その後の顛末です・・・
あの人は、私の家のそばの田舎駅から2つ隣の大学前駅のそばに土地を見つけ、あの家を出て1年で戸建てを建てて、アパートを引き払いました。
まるで、私の父に嫌味をやり返したかのようでした。
一方の弟一家は、ミニバンも軽自動車に変わり、生活が苦しいのが目に見えていました。
月10万円を失うのが、あんなにも大変なんだと知りました。
そしてあの人の恐さも、知りました。
弟は、必死で我が家を守っていましたが、どうやらローンの支払いが焦げ付きそうな状態に陥りました。
それは全てあの人のせいだと怒り心頭の私の父が、ガレージに駐めてあったアルテッツアにガソリンをかけ、火を放ったのです。
アルテッツアとカローラとガレージと物置が半焼、車は2台とも走れなくなりました。
私の父は放火で有罪、塀の中へ収監されました。
もう製造されていないアルテッツアを前に、呆然と立ち尽くすあの人に、私は申し訳なくて、黙って離婚届けを置いて実家へ帰りました。

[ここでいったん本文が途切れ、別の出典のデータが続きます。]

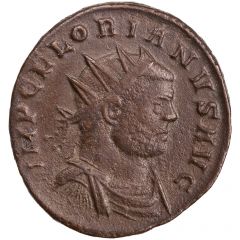 Antoninianus - Florianus CLEMENTIA TEMP, Clementia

あの人は、アルテッツアをそのまま改修したガレージに残し、カローラだけ廃車にして、代わりにヴィッツRSというコンパクトスポーツを買って、そして損害賠償を私たちに要求してきました。
損額はとてもポンと払える額ではなくて、弟は土地建物を売って、あの人に全額弁済しました。
義妹は弟に三下り半を突き付けて、甥っ子と姪っ子を連れて自分の実家へ帰りました。
私と弟と母は、アパートに暮らし、土地建物を売ってもなお残ったローンの支払いのため、私も働きに出るようになりました。
毎日の通勤で、大学前駅に停まるたび、車窓からあの人の家を眺めていました。
焼け焦げたアルテッツアが、いつまでもあって、私の心を抉りました。
時々、中学生になった上の娘が自転車で家を出る姿を見ることがあって、元気にしてる姿に目を細めました。
本当は、私が養育費を払わなくてはいけないけど、とてもそんな余裕はありませんでした。
そしてある日、焼け焦げたアルテッツアが無くなっていました。
その数日後、軽自動車が収まると、エプロン姿の女性に見送られて登校する娘たちの姿を見ました。
あの人・・・再婚したんだ・・・娘たちは、私以外の人をお母さんと呼んでいるんだ・・・悲しかったけど、でも、娘たちをよろしくお願いしますと願わずにはいられませんでした。
そしてその日以来、ほんの数年だけでしたが、あの人と暮らしたかつてアルテッツアがあった家の方じゃない方を向いて、電車に乗るようになりました。
そしてそれは、朝はプラットホーム側を向く形となり、ある日の朝、大学前駅からセーラー服姿の女子高生が乗り込んできました。
それは長女・・・別れた時はまだ小学生だったあの子が、可愛いお嬢さんになって・・・私を見てもきっと気づかないと思いましたが、万が一にも気づかれないように、乗車位置を変えました。
そしてその2年後、長女といっしょに次女も乗り込んできて、姉妹でにこやかに笑っていました。
私だけがそこにいない、新しいあの人の家族・・・でも、羨ましいとか思いませんでした。
迷惑かけたあの人には、どうか幸せになって欲しかったし、娘たちには元気に育ってほしかったから、微笑ましく眺めさせてもらいました。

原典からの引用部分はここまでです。